Fourth : Visit other kinds of business, just as a spectator, or as an interested inquirer. Ask questions. Do not try to remember all of the questions or answers. Have a little pad in your pocket, and jot down what you hear and see.
Think it all Over
Fifth : Then spend about a week thinking it all over. Do not try to think hard, just let it "come to you."
Take an Outsider's Viewpoint
Sixth : Now, go back to your business and look at it—not as your own business, but as an outsider. SEE—not just with your eyes, but with your mind, with your experience, with your judgment, with your imagination, with your future—see your business as a whole. Do not try to look at the little details, of how Tommy ties a bundle, or how Mamie spells a word, or how Jim washes the floor. Look at the business as an investment, as an enterprise.
Requires Less Than a Month
All this does not mean the great expenditure of time that you may think.
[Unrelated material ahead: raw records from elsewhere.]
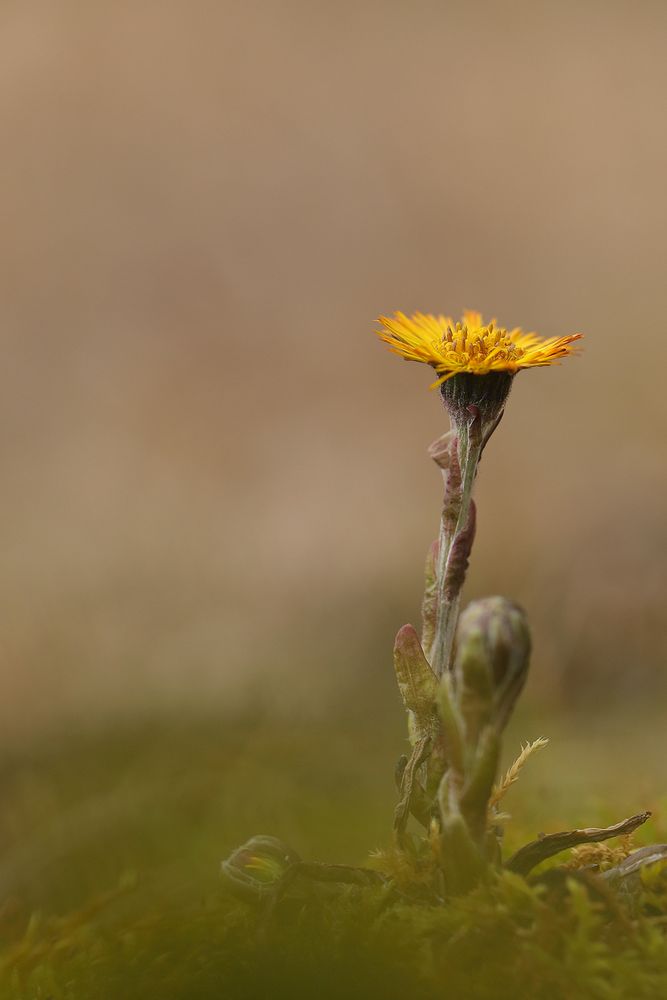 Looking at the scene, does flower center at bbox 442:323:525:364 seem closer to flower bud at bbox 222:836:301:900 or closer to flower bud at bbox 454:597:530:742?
flower bud at bbox 454:597:530:742

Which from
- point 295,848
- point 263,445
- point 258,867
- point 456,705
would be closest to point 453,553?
point 456,705

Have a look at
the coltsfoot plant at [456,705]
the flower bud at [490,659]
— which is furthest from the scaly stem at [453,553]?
the flower bud at [490,659]

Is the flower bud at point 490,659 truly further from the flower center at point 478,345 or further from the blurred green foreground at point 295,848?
the flower center at point 478,345

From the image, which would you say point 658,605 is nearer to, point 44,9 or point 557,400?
point 557,400

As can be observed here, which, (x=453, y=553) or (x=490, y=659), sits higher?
(x=453, y=553)

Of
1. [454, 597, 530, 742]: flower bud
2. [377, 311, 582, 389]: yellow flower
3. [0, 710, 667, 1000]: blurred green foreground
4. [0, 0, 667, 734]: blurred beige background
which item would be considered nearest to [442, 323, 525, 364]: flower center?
[377, 311, 582, 389]: yellow flower

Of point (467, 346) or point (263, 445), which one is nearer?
point (467, 346)

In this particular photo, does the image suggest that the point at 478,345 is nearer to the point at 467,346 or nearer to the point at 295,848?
the point at 467,346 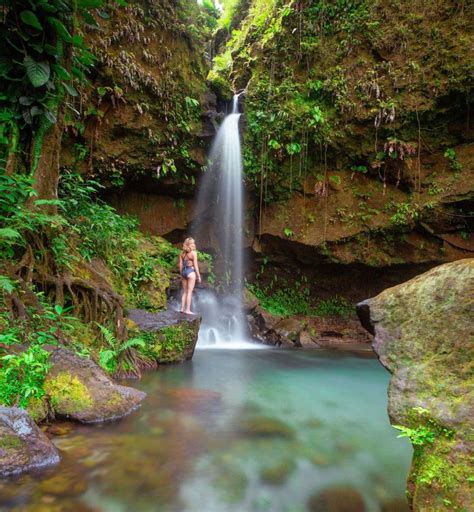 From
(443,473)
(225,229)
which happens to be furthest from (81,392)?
(225,229)

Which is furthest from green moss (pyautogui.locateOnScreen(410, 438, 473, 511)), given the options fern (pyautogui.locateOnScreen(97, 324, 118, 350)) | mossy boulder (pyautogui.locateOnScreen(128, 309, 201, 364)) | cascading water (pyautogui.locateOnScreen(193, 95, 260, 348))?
cascading water (pyautogui.locateOnScreen(193, 95, 260, 348))

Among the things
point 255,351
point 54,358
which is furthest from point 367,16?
point 54,358

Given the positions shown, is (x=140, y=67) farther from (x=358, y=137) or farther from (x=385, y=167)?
(x=385, y=167)

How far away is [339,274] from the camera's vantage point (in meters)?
12.9

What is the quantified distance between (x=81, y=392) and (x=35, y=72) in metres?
4.14

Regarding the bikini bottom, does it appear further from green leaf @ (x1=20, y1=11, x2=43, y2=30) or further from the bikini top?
green leaf @ (x1=20, y1=11, x2=43, y2=30)

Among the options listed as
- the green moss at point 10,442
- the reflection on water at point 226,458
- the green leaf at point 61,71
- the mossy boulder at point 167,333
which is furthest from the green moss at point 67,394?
the green leaf at point 61,71

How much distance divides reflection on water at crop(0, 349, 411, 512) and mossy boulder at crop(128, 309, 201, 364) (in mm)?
1177

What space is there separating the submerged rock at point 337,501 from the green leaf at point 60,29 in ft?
19.4

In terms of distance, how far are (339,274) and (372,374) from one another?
633cm

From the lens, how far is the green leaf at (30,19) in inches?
191

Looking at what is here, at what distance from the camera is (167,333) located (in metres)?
6.39

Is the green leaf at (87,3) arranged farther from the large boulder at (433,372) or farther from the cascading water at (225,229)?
the cascading water at (225,229)

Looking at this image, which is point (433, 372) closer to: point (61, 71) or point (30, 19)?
point (61, 71) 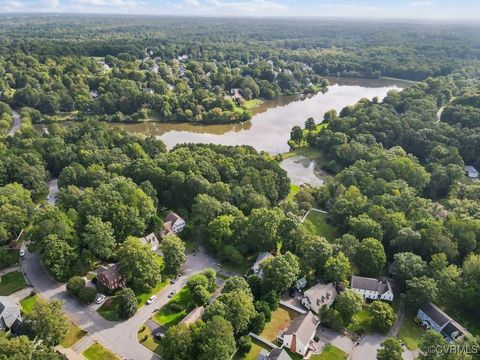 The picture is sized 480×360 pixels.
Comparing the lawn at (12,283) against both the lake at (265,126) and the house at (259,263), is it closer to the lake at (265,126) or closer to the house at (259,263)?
the house at (259,263)

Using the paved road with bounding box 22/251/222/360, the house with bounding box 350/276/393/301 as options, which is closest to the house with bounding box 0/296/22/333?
the paved road with bounding box 22/251/222/360

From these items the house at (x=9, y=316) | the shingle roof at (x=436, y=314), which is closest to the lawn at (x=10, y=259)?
the house at (x=9, y=316)

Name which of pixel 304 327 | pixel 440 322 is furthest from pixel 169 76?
pixel 440 322

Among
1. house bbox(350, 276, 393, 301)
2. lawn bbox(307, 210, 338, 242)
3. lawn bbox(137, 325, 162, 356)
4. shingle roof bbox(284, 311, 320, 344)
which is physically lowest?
lawn bbox(307, 210, 338, 242)

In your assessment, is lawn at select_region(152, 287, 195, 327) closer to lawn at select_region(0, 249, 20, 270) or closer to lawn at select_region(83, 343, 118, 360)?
lawn at select_region(83, 343, 118, 360)

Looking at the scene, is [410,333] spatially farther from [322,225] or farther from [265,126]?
[265,126]

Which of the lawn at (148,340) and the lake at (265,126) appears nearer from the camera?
the lawn at (148,340)

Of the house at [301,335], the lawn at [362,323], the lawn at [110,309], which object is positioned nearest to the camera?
the house at [301,335] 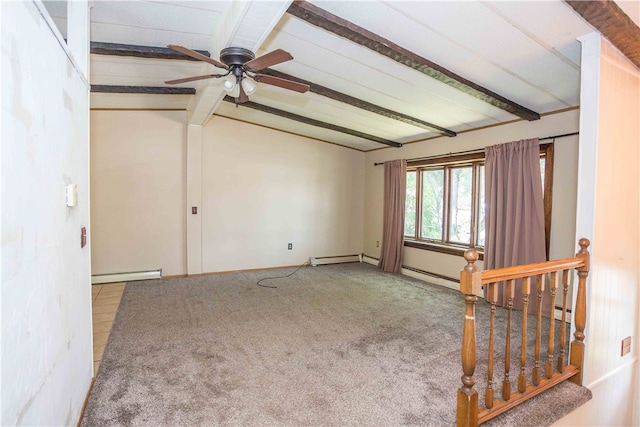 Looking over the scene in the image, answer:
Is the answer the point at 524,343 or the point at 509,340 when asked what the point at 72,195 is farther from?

Three and a half weeks, or less than a month, should suffice to carry out this plan in its entirety. Then when you do it, you will see how handicapping the mere planless plugging habit is for anybody at the head of a business, little or big. You will see how absolutely essential to growth and success is the habit of thinking in advance clearly and absolutely without prejudice, or fear, or preconceived notions, and then—in accordance with what you have thought out—organizing to put these plans into the most successful operation.